Lets say we have to data.frames:
x <- data.frame(date=c(1,2,3,1,3), id=c("a", "a", "a", "b", "b"), sum=50:54)
y <- data.frame(date=c(1,2,1,3), id=c("a", "a", "b", "b"))
x
date id sum
1 1 a 50
2 2 a 51
3 3 a 52
4 1 b 53
5 3 b 54
y
date id
1 1 a
2 2 a
3 1 b
4 3 b
Now, i want to find the row in x that has dates that is not in y, within the same id. In y we have 1, 2 and 3 in id a and in y we only have 1 and 2 in id a. How do i identify (and, preferably remove from x) row number 3 in x?

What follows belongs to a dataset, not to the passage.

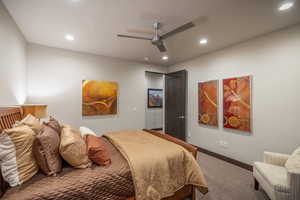 Carpeted bedroom with ceiling fan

EDIT: I found a (very ugly and slow) solution, but there has to be a better and faster one? Currently im running it on two large data.frames, and first time it took more than one hour. I need to run it multiple times, so any help would be appreciated.
z <- data.frame()
for (f in 1:length(unique(x$id))) { #Run the iteration for all the unique id's in x
id <- unique(x$id)[f] #find the name of the id in this iteriation
a <- x[x$id==id,] #subset x
b <- y[y$id==id,] #subset y
x.new <- a[a$date%in%unique(b$date),] #find the dates that are in x and also in y
z <- rbind(z, x.new) #bind the two data.frames together
}